(Given data):
***
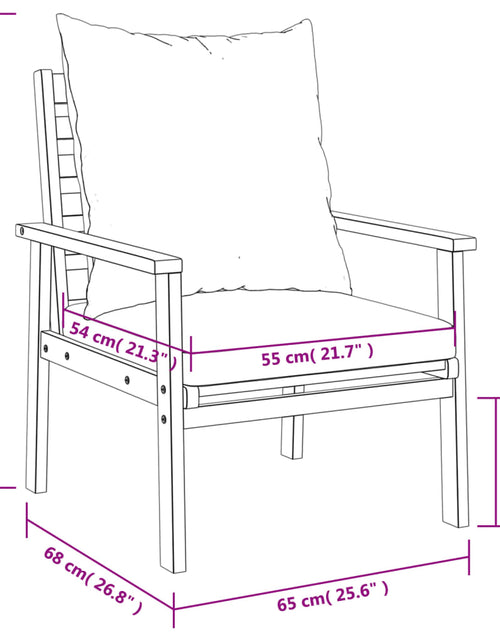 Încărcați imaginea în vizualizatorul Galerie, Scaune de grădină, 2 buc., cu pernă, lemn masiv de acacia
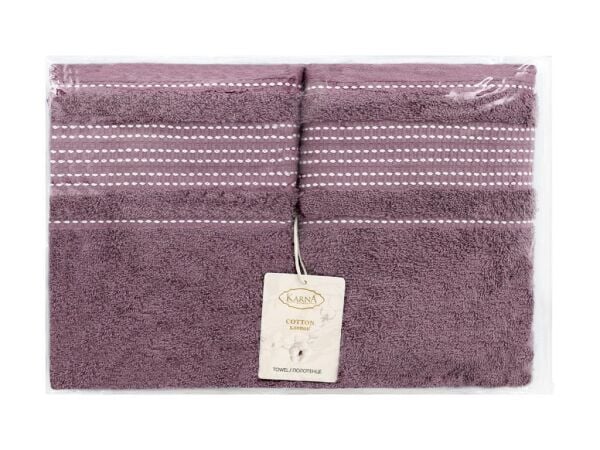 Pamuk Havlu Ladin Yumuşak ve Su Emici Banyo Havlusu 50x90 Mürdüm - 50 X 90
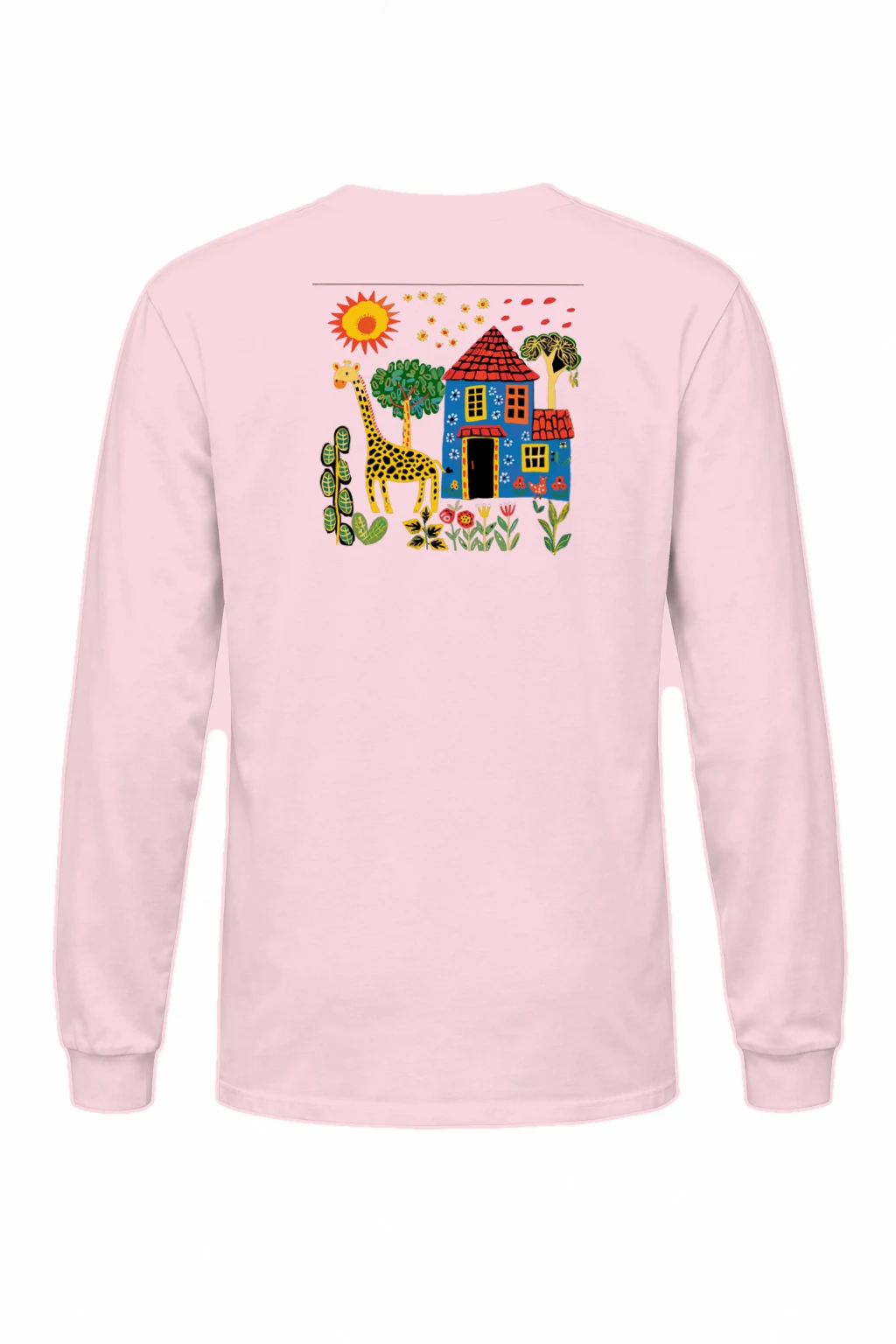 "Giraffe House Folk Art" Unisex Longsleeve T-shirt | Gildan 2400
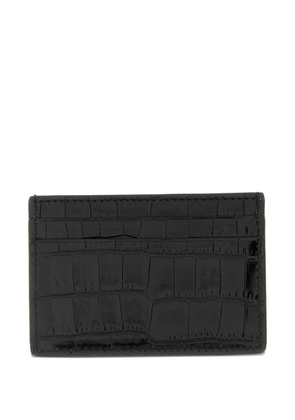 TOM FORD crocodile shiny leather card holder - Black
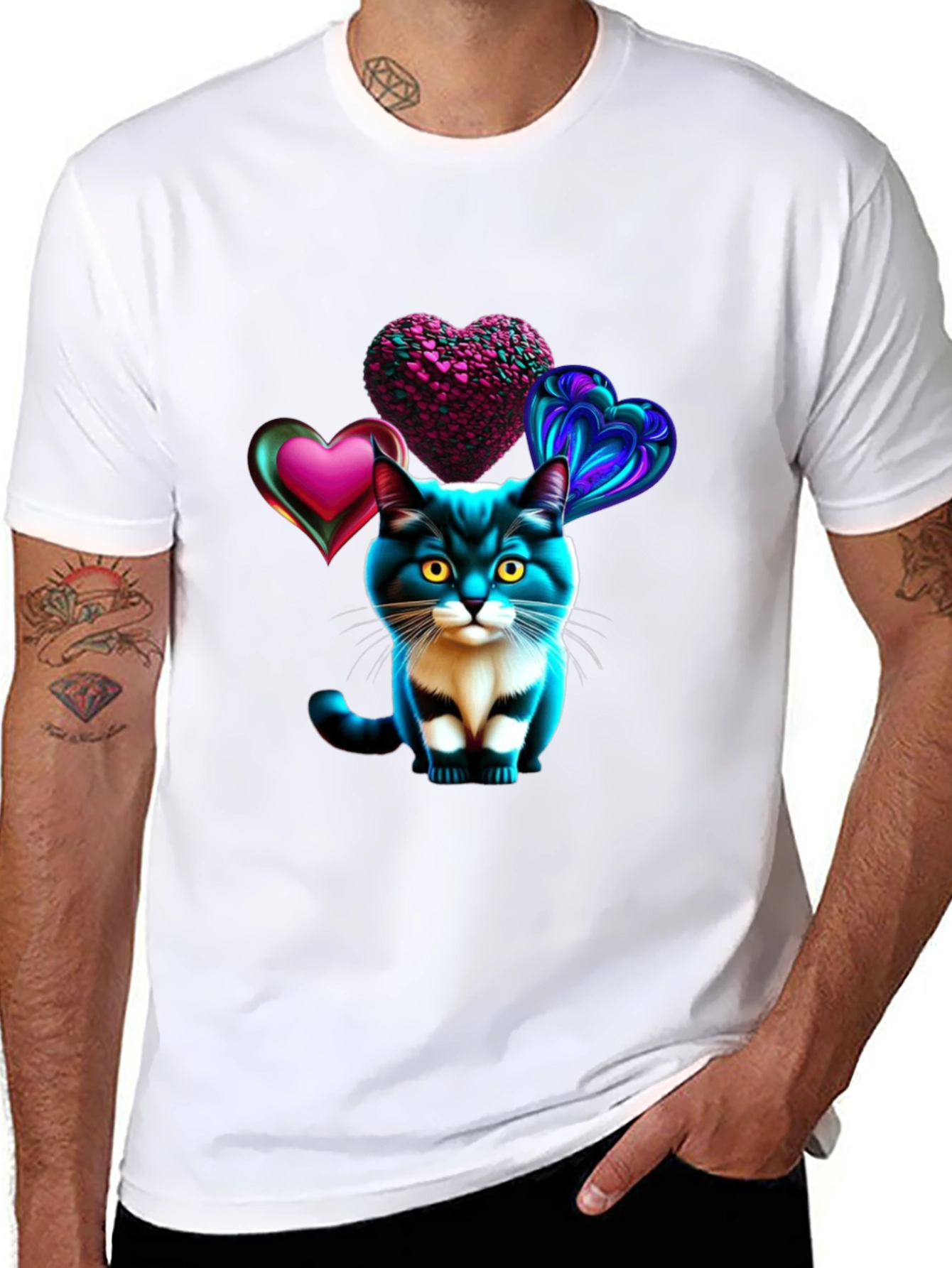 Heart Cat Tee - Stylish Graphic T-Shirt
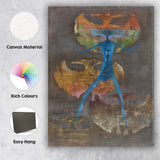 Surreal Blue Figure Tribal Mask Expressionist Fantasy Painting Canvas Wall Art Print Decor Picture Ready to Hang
***
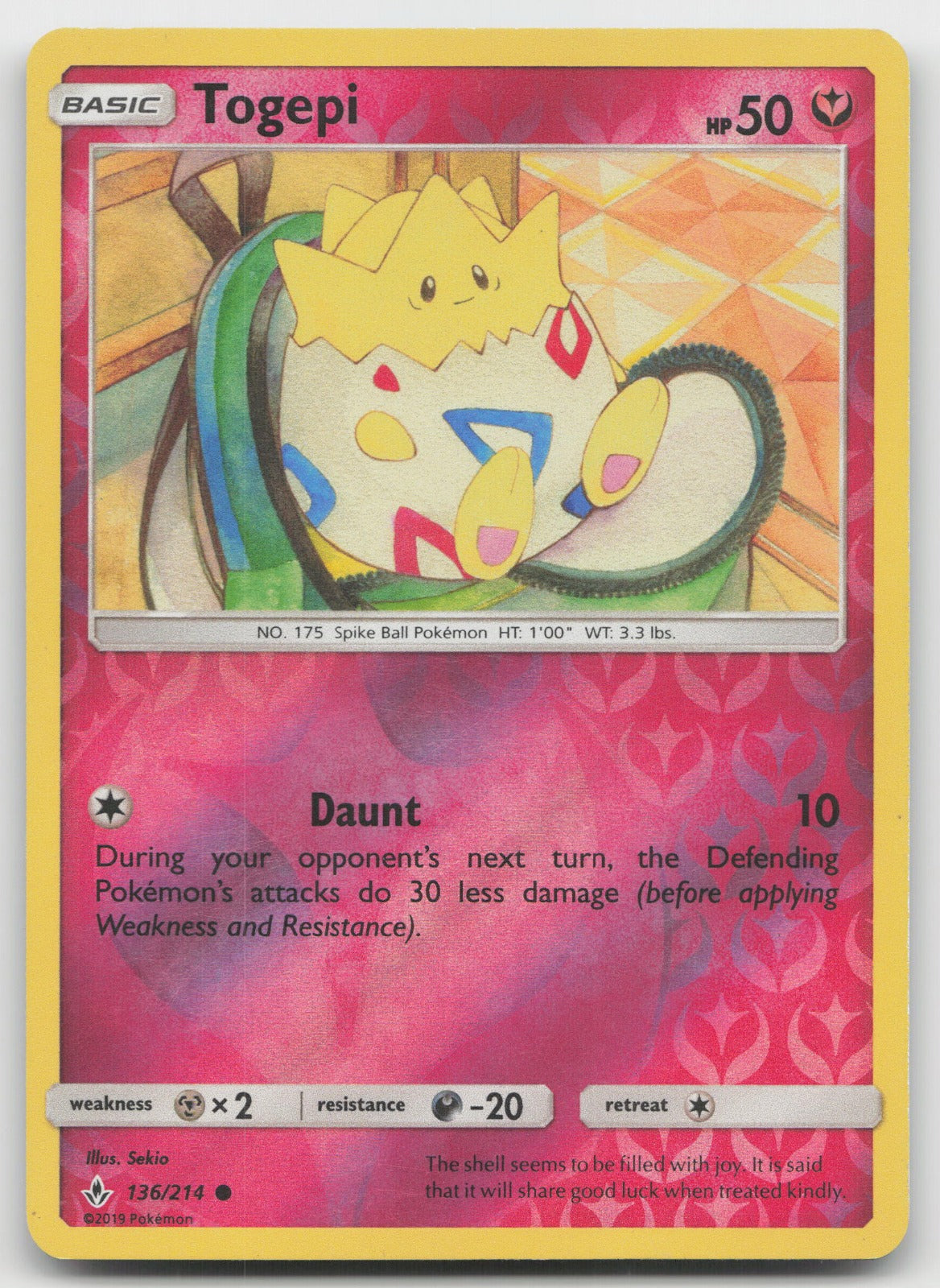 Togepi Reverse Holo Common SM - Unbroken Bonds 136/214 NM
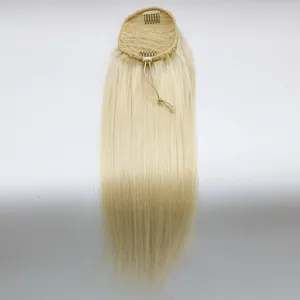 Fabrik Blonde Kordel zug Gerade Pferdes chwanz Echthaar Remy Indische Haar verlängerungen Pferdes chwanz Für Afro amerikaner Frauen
***
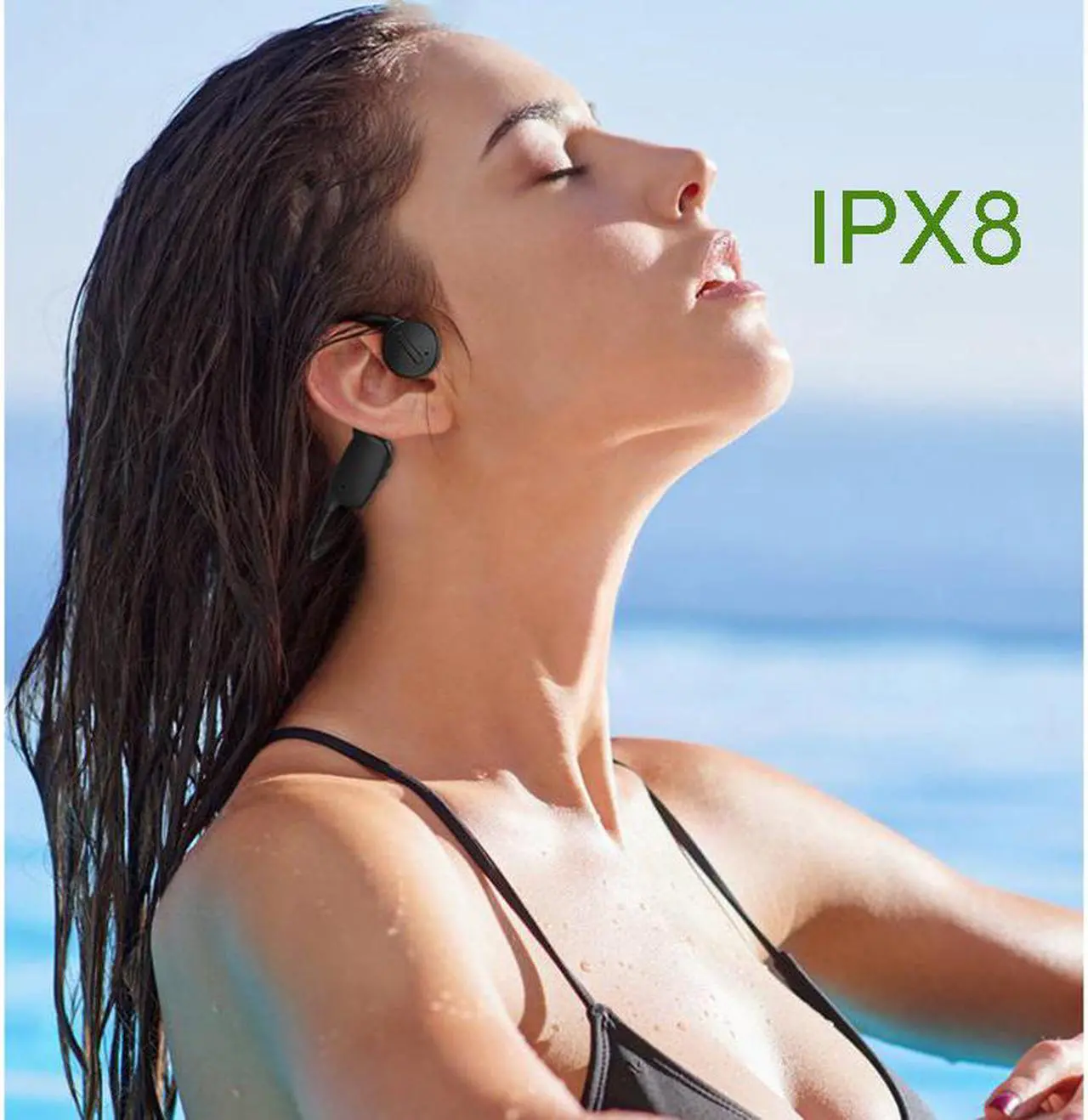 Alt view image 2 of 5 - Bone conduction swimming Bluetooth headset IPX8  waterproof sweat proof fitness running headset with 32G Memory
***
(What is needed): Although pictures appear among the records above, none are to be output; print exactly the lines from the line containing "Heart Cat Tee - Stylish Graphic T-Shirt" through the line containing "Surreal Blue Figure".

(Output for this exercise):
 Heart Cat Tee - Stylish Graphic T-Shirt
 Surreal Blue Figure Tribal Mask Expressionist Fantasy Painting Canvas Wall Art Print Decor Picture Ready to Hang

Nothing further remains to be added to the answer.